--- Information shown Enclosed Below ---
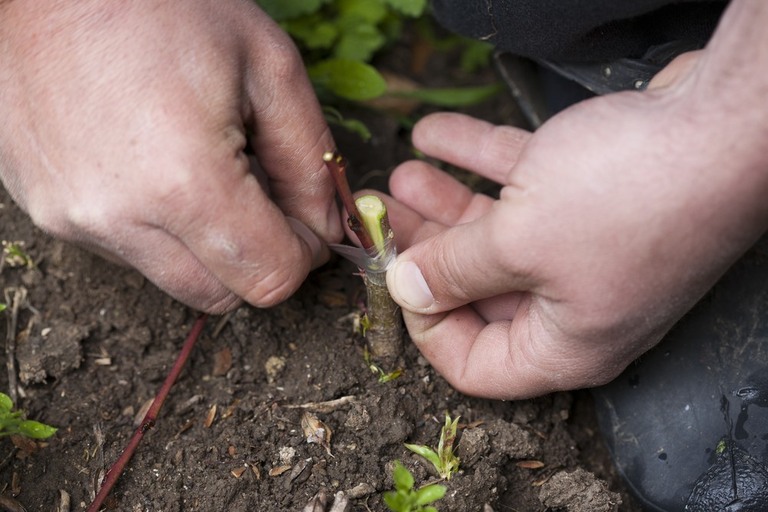 List Of Fruit Trees That Grow From Cuttings List Of Fruit Trees That Grow From Cuttings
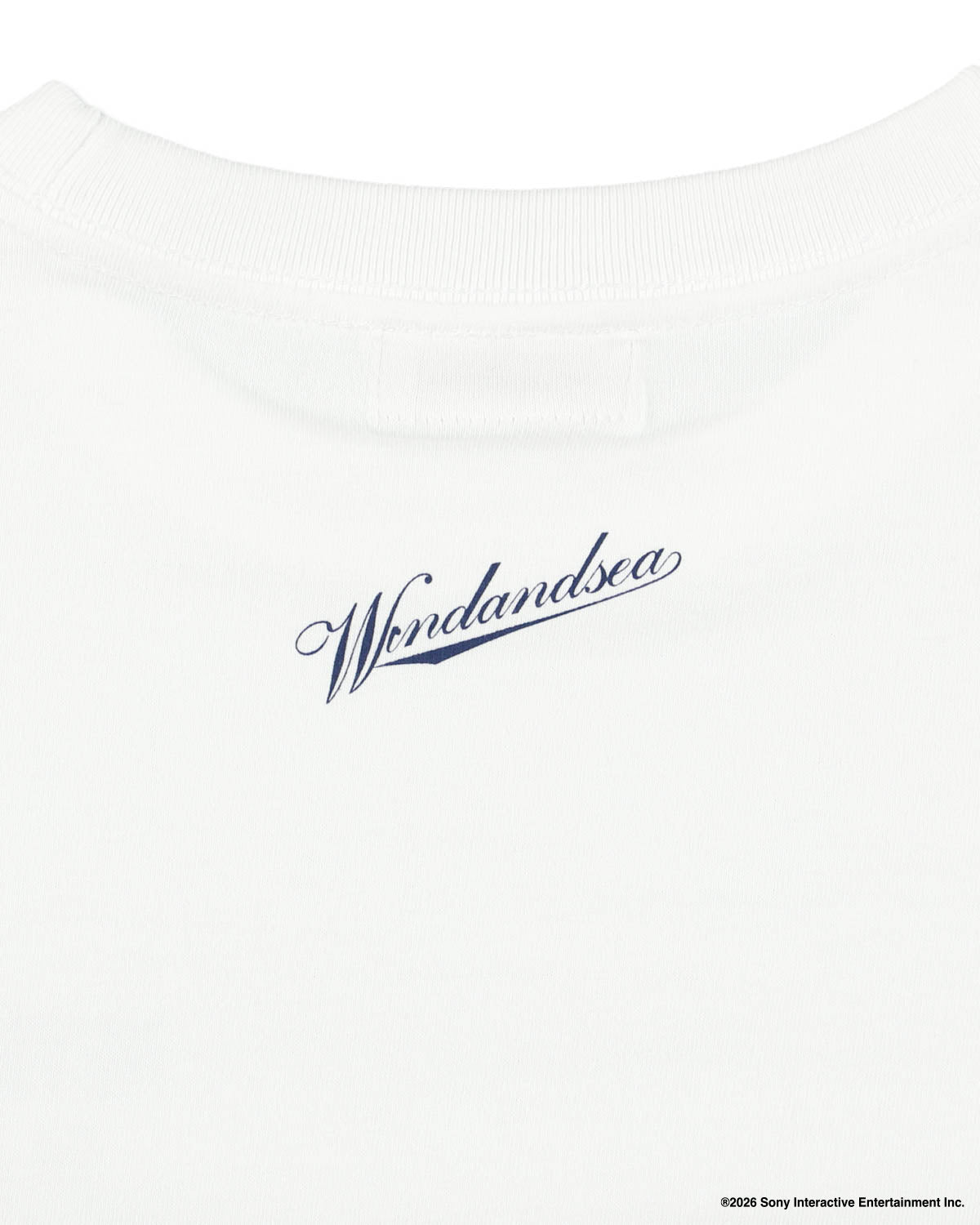 PLAYSTATION x WDS L/S TEE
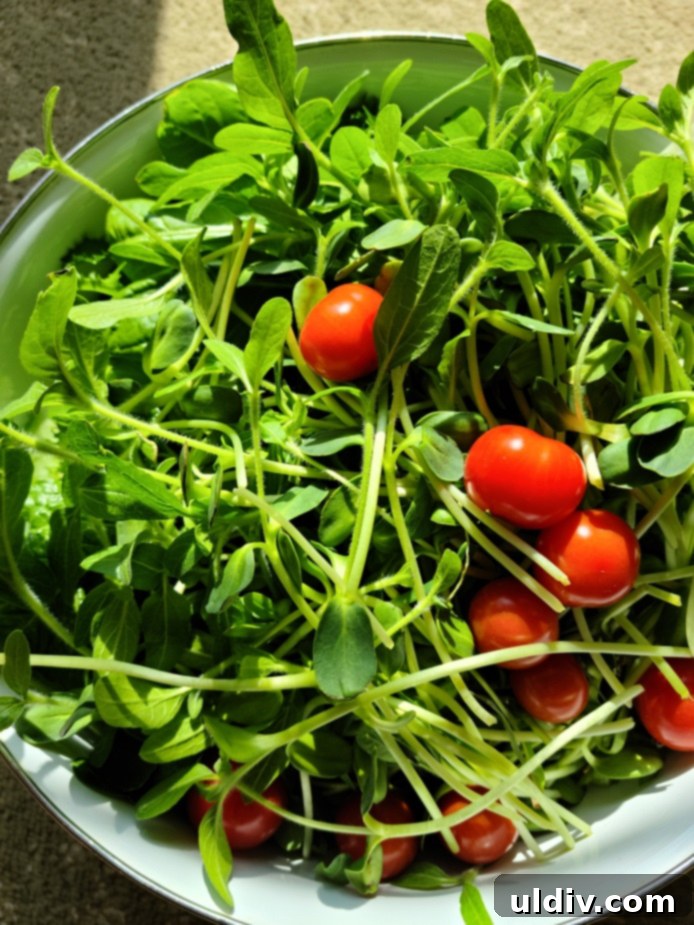 Vibrant red tomatoes and fresh green microgreens growing vigorously indoors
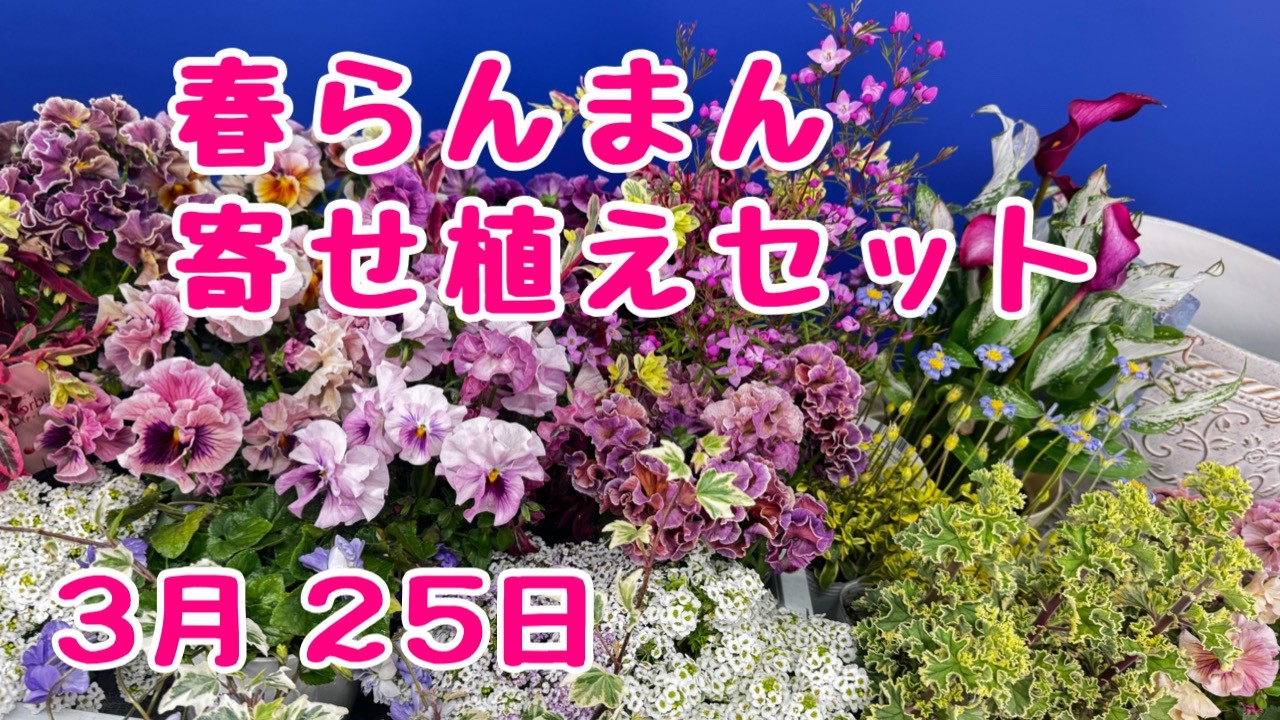春らんまんセット　#パンジー 　#カラー フローズンクイーン　#プランツギャザリング　#寄せ植え　2026年3月25日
--- End of Enclosed Information shown ---
• [Problem details] Copy out the material above in full and exactly; its pictures are not to appear.

• [Response]
 List Of Fruit Trees That Grow From Cuttings List Of Fruit Trees That Grow From Cuttings
 PLAYSTATION x WDS L/S TEE
 Vibrant red tomatoes and fresh green microgreens growing vigorously indoors
春らんまんセット　#パンジー 　#カラー フローズンクイーン　#プランツギャザリング　#寄せ植え　2026年3月25日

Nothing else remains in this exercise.